#### Task data

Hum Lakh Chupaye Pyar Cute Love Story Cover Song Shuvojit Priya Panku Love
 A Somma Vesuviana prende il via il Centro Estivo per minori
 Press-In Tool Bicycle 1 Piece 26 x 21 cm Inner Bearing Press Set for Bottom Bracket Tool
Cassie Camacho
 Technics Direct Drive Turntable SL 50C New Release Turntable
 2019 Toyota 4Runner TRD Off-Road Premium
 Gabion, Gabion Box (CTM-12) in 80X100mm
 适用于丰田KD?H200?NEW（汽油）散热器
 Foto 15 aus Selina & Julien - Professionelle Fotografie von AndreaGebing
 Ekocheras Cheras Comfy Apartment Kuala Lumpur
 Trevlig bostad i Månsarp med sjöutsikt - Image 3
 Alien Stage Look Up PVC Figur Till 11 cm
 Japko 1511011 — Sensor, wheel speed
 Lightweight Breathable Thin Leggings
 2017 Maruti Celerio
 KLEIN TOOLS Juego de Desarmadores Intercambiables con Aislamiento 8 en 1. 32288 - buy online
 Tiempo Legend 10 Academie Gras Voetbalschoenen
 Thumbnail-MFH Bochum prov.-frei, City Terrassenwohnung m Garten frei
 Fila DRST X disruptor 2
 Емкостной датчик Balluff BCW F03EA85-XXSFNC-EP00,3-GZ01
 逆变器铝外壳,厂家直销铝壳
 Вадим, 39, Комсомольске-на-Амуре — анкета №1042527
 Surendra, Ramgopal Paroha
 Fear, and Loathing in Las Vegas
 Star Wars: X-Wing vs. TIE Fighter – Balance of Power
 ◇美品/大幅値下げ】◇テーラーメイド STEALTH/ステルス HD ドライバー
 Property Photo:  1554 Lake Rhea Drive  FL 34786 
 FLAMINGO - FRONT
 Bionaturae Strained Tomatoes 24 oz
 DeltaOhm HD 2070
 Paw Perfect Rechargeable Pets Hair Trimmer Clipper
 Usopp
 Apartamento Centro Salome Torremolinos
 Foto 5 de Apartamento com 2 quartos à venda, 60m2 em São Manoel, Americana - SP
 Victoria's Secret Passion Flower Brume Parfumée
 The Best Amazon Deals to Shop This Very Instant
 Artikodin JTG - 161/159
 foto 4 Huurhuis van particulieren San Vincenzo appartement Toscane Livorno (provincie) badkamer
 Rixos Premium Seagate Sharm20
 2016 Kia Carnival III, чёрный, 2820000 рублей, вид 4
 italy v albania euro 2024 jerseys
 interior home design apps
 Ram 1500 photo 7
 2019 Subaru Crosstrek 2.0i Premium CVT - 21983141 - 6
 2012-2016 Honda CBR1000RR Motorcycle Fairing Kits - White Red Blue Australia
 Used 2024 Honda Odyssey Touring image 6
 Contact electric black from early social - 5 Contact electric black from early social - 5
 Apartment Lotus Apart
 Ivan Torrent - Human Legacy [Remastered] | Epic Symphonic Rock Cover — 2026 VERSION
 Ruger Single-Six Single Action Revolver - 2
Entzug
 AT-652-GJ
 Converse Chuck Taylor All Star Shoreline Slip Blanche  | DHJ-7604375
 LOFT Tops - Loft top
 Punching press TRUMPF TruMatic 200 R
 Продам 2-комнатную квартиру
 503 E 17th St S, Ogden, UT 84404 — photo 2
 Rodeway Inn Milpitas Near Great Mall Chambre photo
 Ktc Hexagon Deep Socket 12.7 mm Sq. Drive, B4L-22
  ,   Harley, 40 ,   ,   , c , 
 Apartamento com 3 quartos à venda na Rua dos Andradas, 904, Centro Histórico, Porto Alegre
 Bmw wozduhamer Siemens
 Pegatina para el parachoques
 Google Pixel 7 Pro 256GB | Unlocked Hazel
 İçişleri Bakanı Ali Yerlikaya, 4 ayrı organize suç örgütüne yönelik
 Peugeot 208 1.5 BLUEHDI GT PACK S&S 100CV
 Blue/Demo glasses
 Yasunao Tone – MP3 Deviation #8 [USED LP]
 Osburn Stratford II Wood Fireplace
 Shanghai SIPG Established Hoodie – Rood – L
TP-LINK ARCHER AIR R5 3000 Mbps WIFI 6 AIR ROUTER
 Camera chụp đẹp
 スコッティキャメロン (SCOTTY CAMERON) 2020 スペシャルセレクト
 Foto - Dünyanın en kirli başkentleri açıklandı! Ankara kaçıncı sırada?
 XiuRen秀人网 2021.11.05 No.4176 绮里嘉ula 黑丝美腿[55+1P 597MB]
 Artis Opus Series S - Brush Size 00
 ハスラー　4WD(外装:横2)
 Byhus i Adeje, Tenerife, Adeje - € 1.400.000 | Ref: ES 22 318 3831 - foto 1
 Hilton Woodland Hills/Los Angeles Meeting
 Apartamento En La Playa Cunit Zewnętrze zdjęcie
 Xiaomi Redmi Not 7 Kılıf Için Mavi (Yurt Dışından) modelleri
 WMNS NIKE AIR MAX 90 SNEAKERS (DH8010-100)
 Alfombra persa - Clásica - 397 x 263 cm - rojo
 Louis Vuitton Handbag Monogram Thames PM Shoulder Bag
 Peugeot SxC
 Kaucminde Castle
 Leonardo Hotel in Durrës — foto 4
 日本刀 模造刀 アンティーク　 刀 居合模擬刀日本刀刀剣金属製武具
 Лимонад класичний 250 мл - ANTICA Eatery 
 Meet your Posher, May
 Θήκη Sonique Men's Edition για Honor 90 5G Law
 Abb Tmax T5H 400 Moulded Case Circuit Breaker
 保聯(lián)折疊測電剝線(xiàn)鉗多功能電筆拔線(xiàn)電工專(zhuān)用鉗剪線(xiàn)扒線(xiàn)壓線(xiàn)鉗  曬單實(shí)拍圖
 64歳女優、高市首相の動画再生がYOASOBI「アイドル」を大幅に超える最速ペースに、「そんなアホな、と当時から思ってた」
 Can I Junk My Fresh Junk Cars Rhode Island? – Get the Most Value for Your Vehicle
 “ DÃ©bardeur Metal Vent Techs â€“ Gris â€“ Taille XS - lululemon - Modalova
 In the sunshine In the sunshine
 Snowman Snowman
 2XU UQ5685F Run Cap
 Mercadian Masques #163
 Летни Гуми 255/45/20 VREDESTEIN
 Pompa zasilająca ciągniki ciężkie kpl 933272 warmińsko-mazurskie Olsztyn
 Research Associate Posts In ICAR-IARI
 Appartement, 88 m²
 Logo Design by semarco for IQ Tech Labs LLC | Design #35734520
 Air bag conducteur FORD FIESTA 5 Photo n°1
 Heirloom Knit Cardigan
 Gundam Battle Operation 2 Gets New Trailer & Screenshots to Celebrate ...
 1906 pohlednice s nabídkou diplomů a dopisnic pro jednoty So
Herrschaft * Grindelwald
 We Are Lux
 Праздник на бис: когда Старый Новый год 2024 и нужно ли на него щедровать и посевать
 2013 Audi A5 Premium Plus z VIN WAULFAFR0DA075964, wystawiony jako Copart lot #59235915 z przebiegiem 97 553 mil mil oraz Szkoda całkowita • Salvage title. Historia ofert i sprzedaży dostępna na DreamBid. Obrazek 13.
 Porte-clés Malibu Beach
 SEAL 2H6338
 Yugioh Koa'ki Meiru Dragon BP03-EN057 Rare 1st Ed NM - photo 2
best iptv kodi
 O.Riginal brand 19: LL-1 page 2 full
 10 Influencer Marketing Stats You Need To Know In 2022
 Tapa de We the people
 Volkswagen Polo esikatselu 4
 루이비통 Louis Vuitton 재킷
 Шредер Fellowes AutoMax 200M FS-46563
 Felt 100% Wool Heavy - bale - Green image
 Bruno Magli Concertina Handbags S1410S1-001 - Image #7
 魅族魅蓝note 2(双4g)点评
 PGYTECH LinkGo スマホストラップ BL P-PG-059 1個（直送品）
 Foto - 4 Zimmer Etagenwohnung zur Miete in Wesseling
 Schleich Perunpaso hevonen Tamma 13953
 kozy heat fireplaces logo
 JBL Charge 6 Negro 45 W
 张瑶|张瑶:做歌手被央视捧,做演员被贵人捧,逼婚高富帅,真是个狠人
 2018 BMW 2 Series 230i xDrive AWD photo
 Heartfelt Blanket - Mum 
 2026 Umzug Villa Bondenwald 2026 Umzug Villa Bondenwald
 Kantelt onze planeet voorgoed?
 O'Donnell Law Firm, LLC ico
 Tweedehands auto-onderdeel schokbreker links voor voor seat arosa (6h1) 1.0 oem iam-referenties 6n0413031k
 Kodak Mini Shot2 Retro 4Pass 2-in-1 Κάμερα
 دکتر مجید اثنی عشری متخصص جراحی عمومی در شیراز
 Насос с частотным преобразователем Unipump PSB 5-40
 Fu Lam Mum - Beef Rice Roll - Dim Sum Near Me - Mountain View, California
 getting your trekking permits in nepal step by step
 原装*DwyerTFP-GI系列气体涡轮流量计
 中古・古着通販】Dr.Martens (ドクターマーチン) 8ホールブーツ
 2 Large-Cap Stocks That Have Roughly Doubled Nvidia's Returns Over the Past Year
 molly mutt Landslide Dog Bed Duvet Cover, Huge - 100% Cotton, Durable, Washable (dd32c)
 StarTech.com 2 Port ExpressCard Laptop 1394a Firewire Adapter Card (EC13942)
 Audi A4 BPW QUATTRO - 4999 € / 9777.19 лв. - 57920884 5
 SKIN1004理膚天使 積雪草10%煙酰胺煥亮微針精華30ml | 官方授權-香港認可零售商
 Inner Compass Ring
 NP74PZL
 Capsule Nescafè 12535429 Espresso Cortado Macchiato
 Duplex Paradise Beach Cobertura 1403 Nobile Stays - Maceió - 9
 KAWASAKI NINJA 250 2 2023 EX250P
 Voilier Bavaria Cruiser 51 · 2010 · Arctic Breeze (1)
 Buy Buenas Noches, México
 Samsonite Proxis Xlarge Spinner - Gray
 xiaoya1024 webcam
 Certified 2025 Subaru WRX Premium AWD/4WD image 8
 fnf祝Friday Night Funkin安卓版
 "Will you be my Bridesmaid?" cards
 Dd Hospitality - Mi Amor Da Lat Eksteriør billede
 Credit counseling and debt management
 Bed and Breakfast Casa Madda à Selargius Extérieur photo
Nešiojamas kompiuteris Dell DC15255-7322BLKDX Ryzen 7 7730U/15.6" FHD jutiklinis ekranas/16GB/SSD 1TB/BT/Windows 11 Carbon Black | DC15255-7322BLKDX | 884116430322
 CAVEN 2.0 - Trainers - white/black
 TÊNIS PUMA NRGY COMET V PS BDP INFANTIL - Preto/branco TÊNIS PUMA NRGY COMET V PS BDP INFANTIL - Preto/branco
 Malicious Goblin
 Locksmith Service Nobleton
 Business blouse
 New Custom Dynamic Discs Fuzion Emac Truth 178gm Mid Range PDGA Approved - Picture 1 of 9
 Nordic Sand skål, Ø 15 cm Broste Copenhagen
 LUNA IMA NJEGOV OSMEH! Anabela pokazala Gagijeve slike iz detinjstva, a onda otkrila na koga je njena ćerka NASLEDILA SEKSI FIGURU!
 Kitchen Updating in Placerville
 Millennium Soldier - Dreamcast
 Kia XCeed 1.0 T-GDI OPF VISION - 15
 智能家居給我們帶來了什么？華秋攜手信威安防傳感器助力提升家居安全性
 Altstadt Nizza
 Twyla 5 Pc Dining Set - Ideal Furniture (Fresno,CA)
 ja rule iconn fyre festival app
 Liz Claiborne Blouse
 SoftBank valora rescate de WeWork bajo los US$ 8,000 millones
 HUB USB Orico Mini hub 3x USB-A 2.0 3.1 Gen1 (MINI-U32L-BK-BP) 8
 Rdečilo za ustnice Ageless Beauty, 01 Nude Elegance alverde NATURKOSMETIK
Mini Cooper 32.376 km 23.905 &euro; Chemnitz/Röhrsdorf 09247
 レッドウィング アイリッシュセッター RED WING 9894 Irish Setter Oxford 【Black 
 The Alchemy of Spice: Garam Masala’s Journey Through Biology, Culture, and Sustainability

########

Required action: All lines above between those holding "Used 2024 Honda Odyssey Touring image 6" and "Hilton Woodland Hills/Los Angeles Meeting", inclusive, must be set down unchanged, and no other line may be included.

Reply to the task:
 Used 2024 Honda Odyssey Touring image 6
 Contact electric black from early social - 5 Contact electric black from early social - 5
 Apartment Lotus Apart
 Ivan Torrent - Human Legacy [Remastered] | Epic Symphonic Rock Cover — 2026 VERSION
 Ruger Single-Six Single Action Revolver - 2
Entzug
 AT-652-GJ
 Converse Chuck Taylor All Star Shoreline Slip Blanche  | DHJ-7604375
 LOFT Tops - Loft top
 Punching press TRUMPF TruMatic 200 R
 Продам 2-комнатную квартиру
 503 E 17th St S, Ogden, UT 84404 — photo 2
 Rodeway Inn Milpitas Near Great Mall Chambre photo
 Ktc Hexagon Deep Socket 12.7 mm Sq. Drive, B4L-22
  ,   Harley, 40 ,   ,   , c , 
 Apartamento com 3 quartos à venda na Rua dos Andradas, 904, Centro Histórico, Porto Alegre
 Bmw wozduhamer Siemens
 Pegatina para el parachoques
 Google Pixel 7 Pro 256GB | Unlocked Hazel
 İçişleri Bakanı Ali Yerlikaya, 4 ayrı organize suç örgütüne yönelik
 Peugeot 208 1.5 BLUEHDI GT PACK S&S 100CV
 Blue/Demo glasses
 Yasunao Tone – MP3 Deviation #8 [USED LP]
 Osburn Stratford II Wood Fireplace
 Shanghai SIPG Established Hoodie – Rood – L
TP-LINK ARCHER AIR R5 3000 Mbps WIFI 6 AIR ROUTER
 Camera chụp đẹp
 スコッティキャメロン (SCOTTY CAMERON) 2020 スペシャルセレクト
 Foto - Dünyanın en kirli başkentleri açıklandı! Ankara kaçıncı sırada?
 XiuRen秀人网 2021.11.05 No.4176 绮里嘉ula 黑丝美腿[55+1P 597MB]
 Artis Opus Series S - Brush Size 00
 ハスラー　4WD(外装:横2)
 Byhus i Adeje, Tenerife, Adeje - € 1.400.000 | Ref: ES 22 318 3831 - foto 1
 Hilton Woodland Hills/Los Angeles Meeting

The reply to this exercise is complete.